There is definitely great potential for re-use of RCT and other clinical research data to advanced research and ultimately health and clinical care for the population. However, it must be done in ways that represent an appropriate use of resources and result in data that truly advances research, clinical care, and ultimately individual health.

1. Taichman, DB, Backus, J, et al. (2016). Sharing clinical trial data: a proposal from the International Committee of Medical Journal Editors. New England Journal of Medicine. 374: 384-386.
2. Longo, DL and Drazen, JM (2016). Data sharing. New England Journal of Medicine. 374: 276-277.
3. Berger, B, Gaasterland, T, et al. (2016). ISCB’s initial reaction to The New England Journal of Medicine Editorial on data sharing. PLoS Computational Biology. 12(3): e1004816.
4. Grossman, RL, Heath, AP, et al. (2016). Toward a shared vision for cancer genomic data. New England Journal of Medicine. 379: 1109-1112.
5. Collins, FS and Varmus, H (2015). A new initiative on precision medicine. New England Journal of Medicine. 372: 793-795.
6. Kesselheim, AS and Avorn, J (2017). New "21st Century Cures" legislation: speed and ease vs science. Journal of the American Medical Association. Epub ahead of print.
7. Dalerba, P, Sahoo, D, et al. (2016). CDX2 as a prognostic biomarker in stage II and stage III colon cancer. New England Journal of Medicine. 374: 211-222.
8. Anonymous (2016). Toward fairness in data sharing. New England Journal of Medicine. 375: 405-407.
9. Merson, L, Gaye, O, et al. (2016). Avoiding data dumpsters — toward equitable and useful data sharing. New England Journal of Medicine. 374: 2414-2415.
10. Rockhold, F, Nisen, P, et al. (2016). Data sharing at a crossroads. New England Journal of Medicine. 375: 1115-1117.
11. Strom, BL, Buyse, ME, et al. (2016). Data sharing — is the juice worth the squeeze? New England Journal of Medicine. 375: 1608-1609.
12. Read, KB, Sheehan, JR, et al. (2015). Sizing the problem of improving discovery and access to NIH-funded data: a preliminary study. PLoS ONE. 10(7): e0132735.
13. Kush, R and Goldman, M (2016). Fostering responsible data sharing through standards.

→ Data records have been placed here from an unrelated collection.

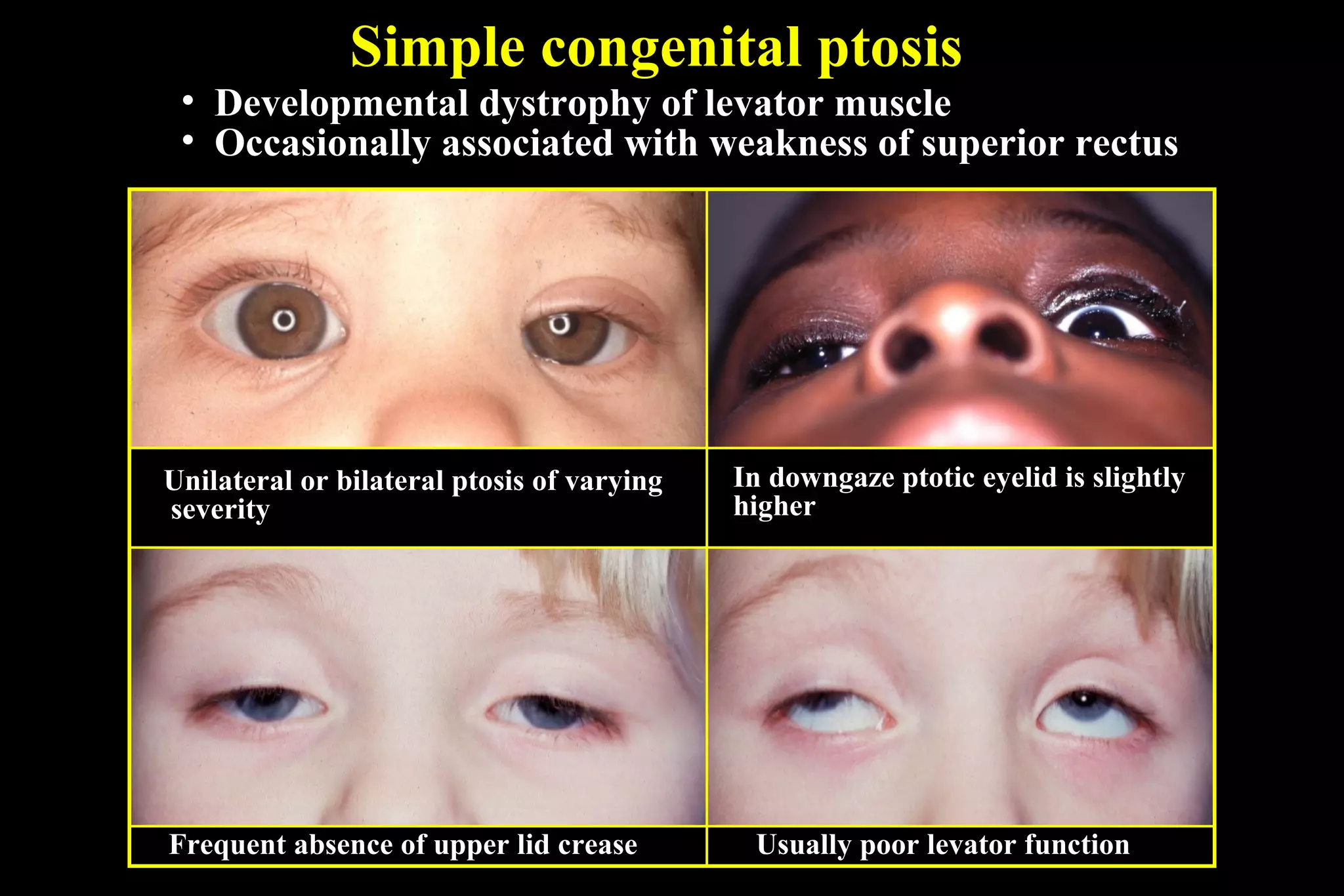 Simple congenital ptosis
• Developmental dystrophy of levator muscle
• Occasionally associated with weakness of superior rectus
Unilateral or bilateral ptosis of varying
severity
In downgaze ptotic eyelid is slightly
higher
Frequent absence of upper lid crease Usually poor levator function
 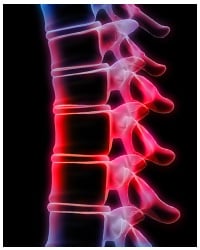 Degenerative arthritis affects the spine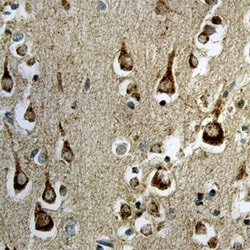 Human Sortilin Antibody, R D Systems 25&mu;g; Unlabeled:Antibodies, Polyclonal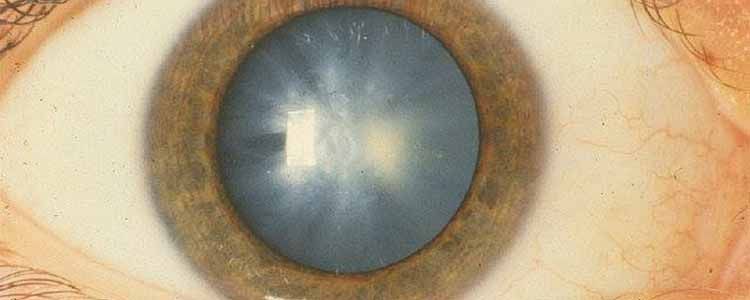 Chinese doctors grow lens of the eye using stem cells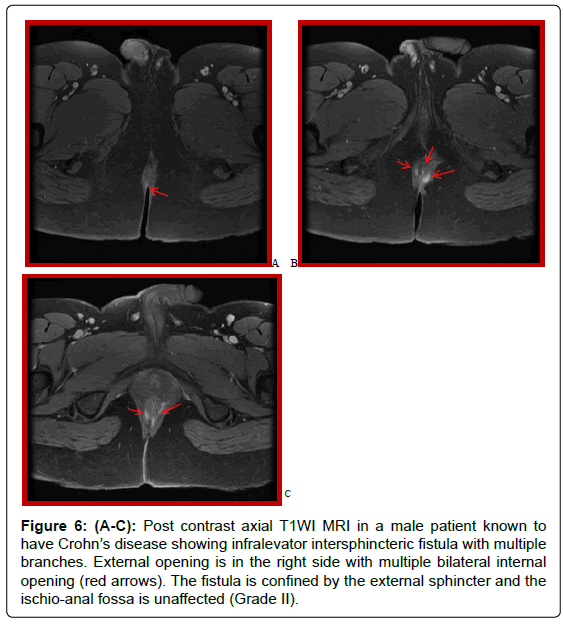 gastrointestinal-digestive-Post-contrast-axial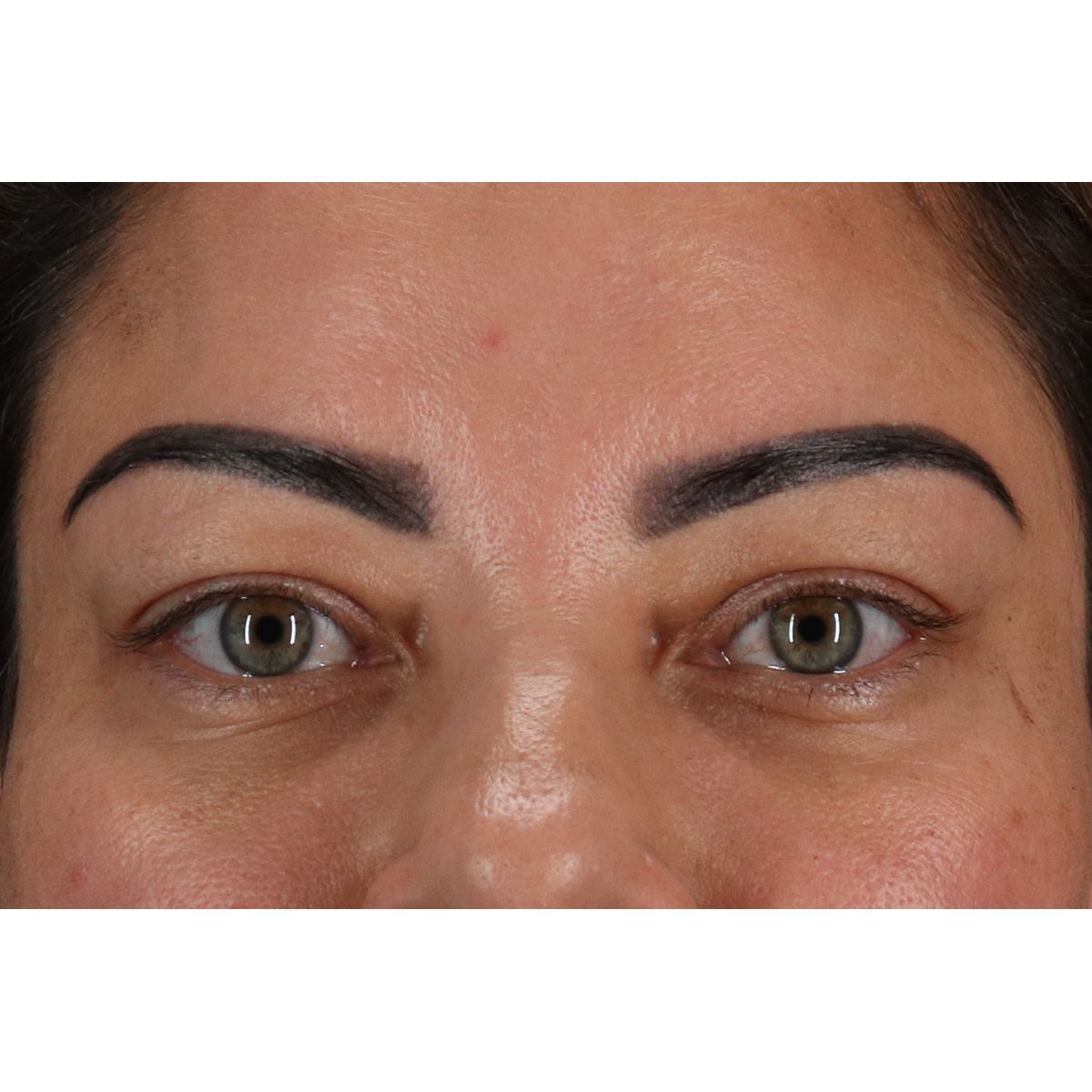 Eyelid Surgery Before & After Patient #3360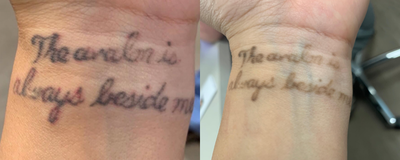 Tattoo Removal before and after photo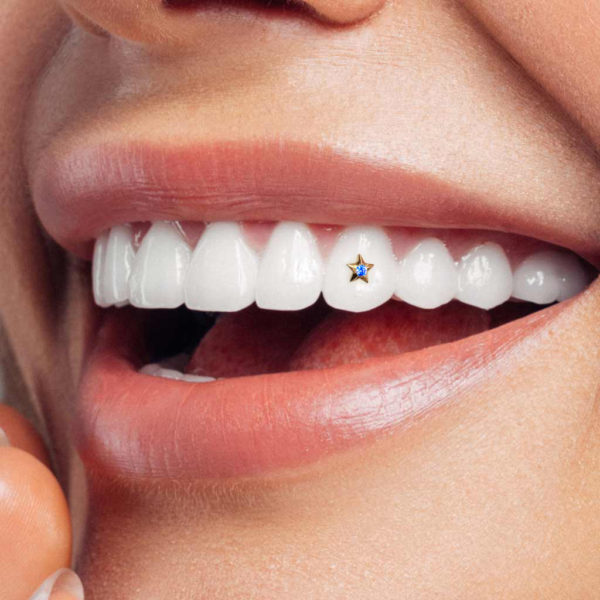129 Start w Diamond tooth gem twinkles dental jewelry in smile 1024x1024 1 1
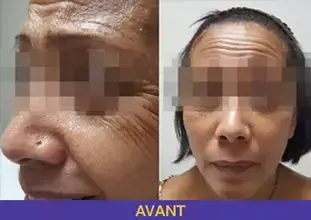 botox-1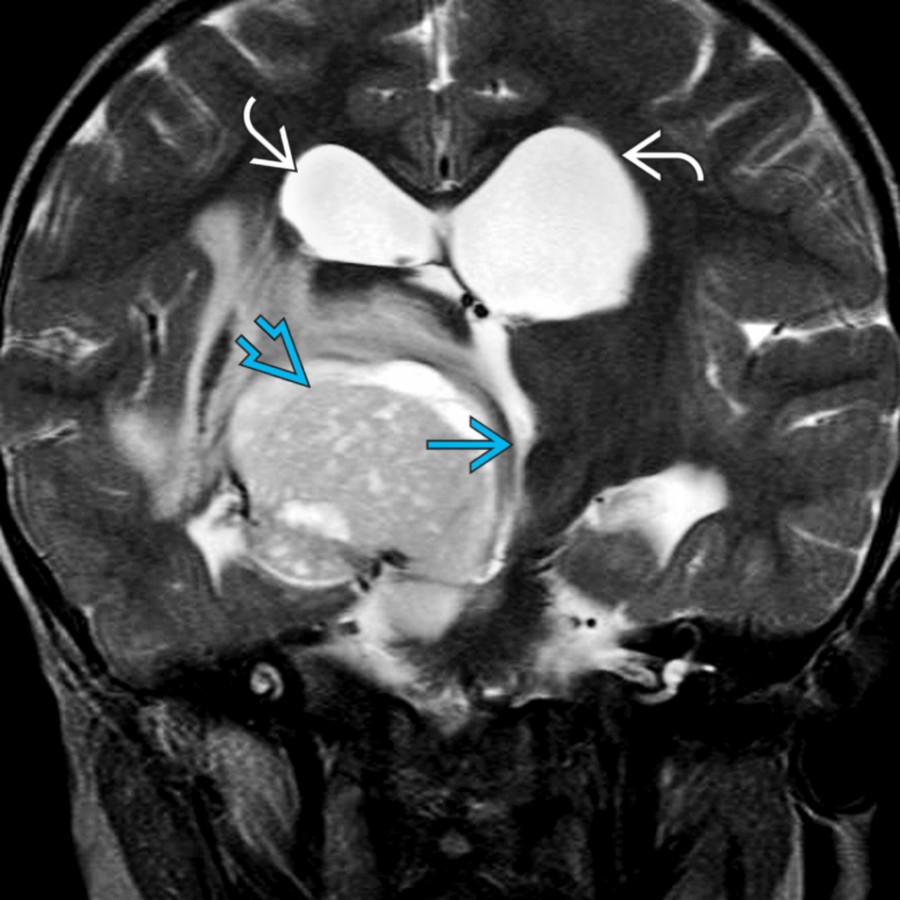 Coronal T2WI MR shows a pilocytic astrocytoma centered in the right thalamus  causing severe mass effect on the 3rd ventricle  and resultant obstructive hydrocephalus .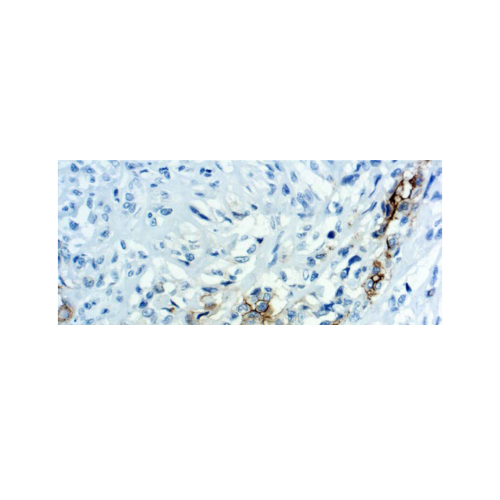 Mesothelin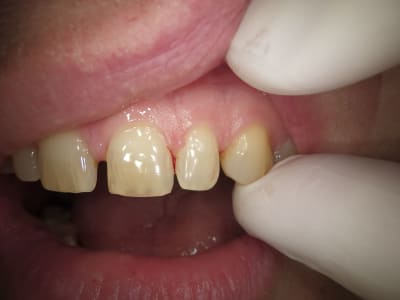 Pz4wrc7r2e3dpbis7tb5n2fhydc8 - Eugenol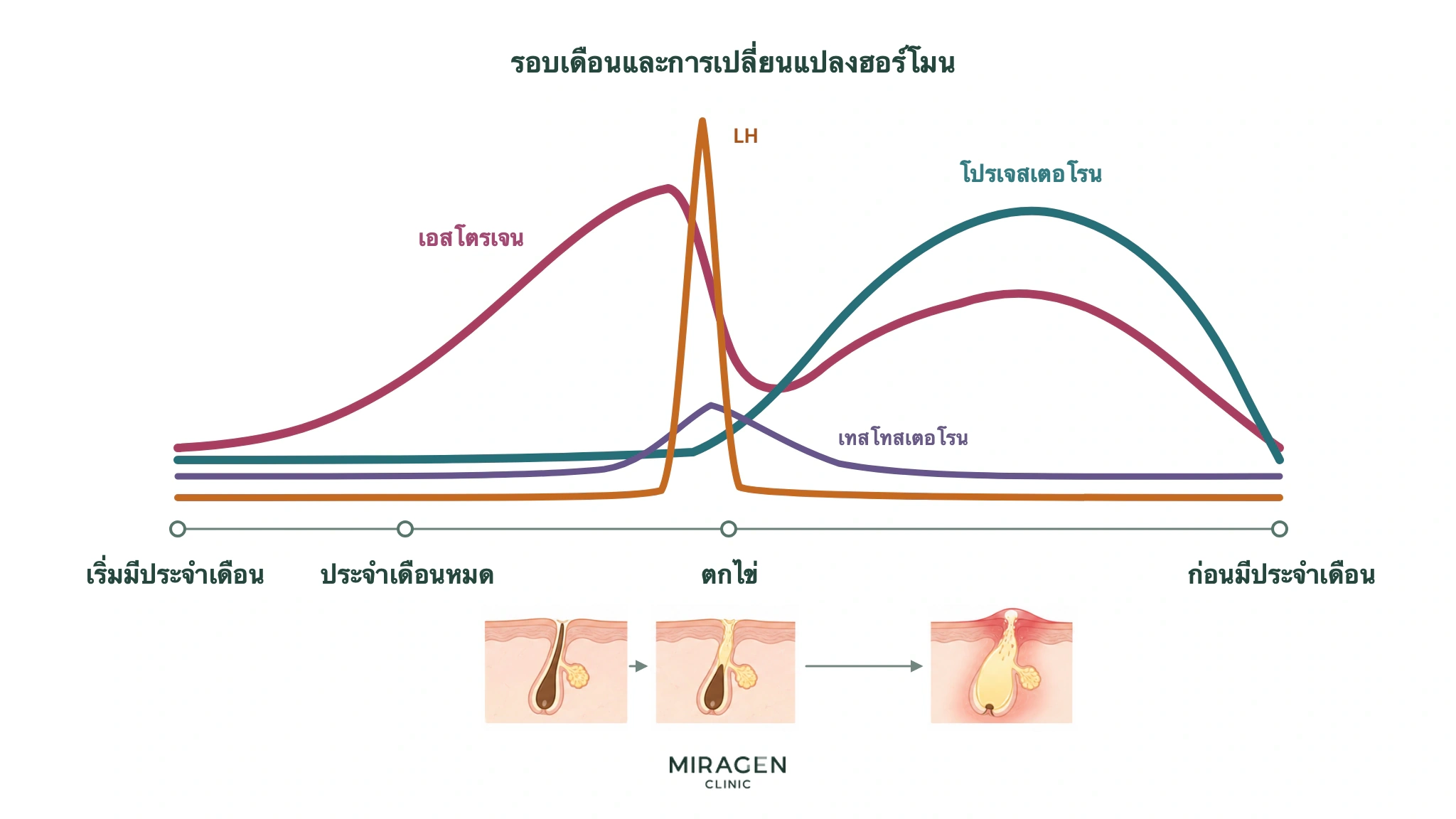 ภาพการเปลี่ยนแปลงของเอสโตรเจน โปรเจสเตอโรน LH และเทสโทสเตอโรนตามรอบเดือน พร้อมสมมติฐานว่ารูขุมขนอุดตันช่วงตกไข่อาจนำไปสู่สิวก่อนมีประจำเดือน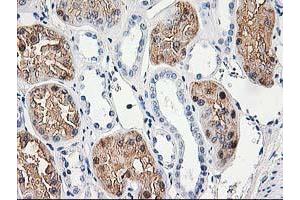 Immunohistochemical staining of paraffin-embedded Human Kidney tissue using anti-ACY1 mouse monoclonal antibody. (Aminoacylase 1 anticorps)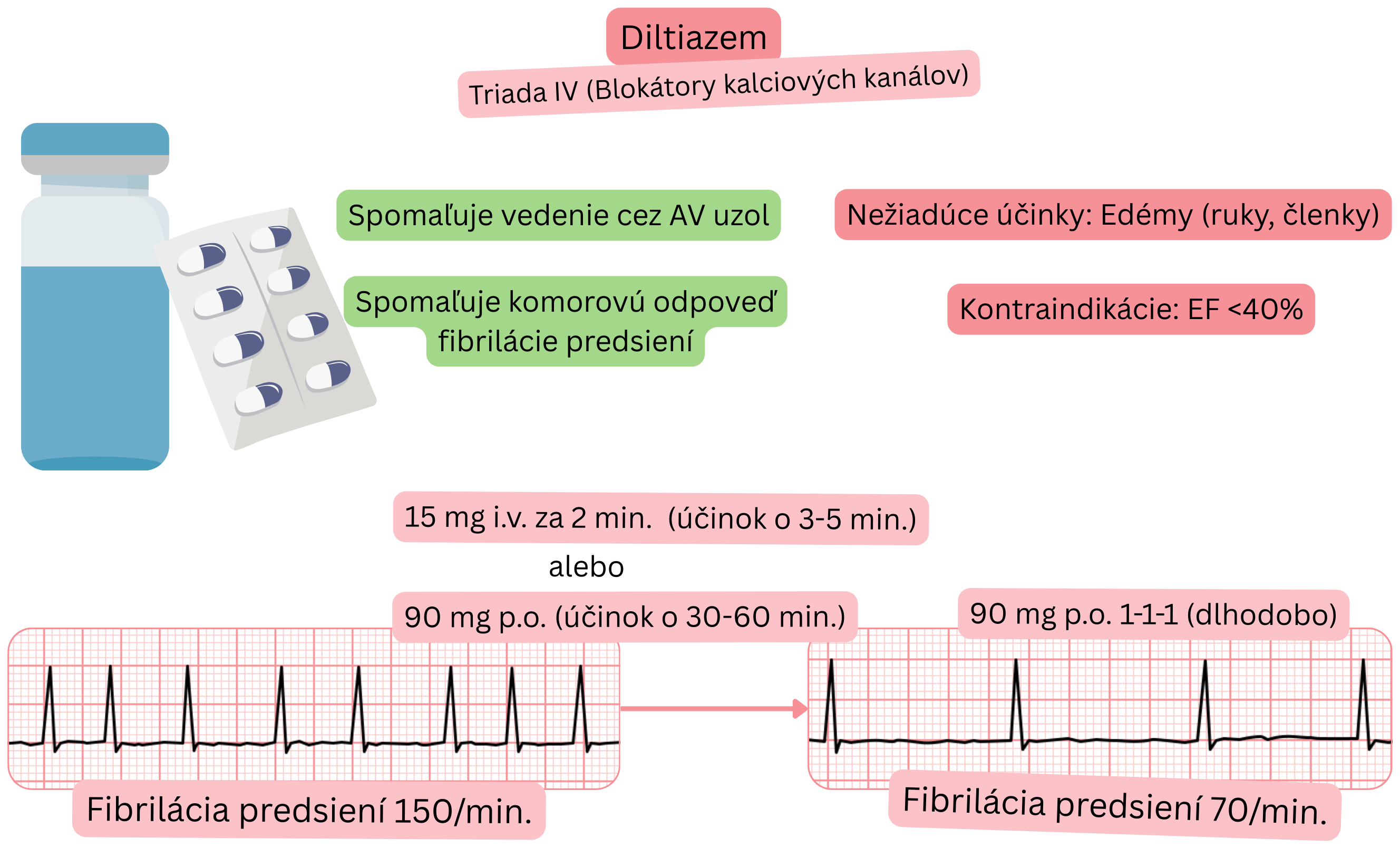 Schéma účinku diltiazemu ako antiarytmika triedy IV znázorňujúca spomalenie vedenia cez atrioventrikulárny uzol a zníženie komorovej frekvencie pri fibrilácii predsiení.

New England Journal of Medicine. 370: 2163-2165.
14. Tenenbaum, JD, Avillach, P, et al. (2016). An informatics research agenda to support precision medicine: seven key areas. Journal of the American Medical Informatics Association. 23: 791-795.
15. Lo, B and DeMets, DL (2016). Incentives for clinical trialists to share data. New England Journal of Medicine. 375: 1112-1115.
16. Hersh, WR, Weiner, MG, et al. (2013). Caveats for the use of operational electronic health record data in comparative effectiveness research. Medical Care. 51(Suppl 3): S30-S37.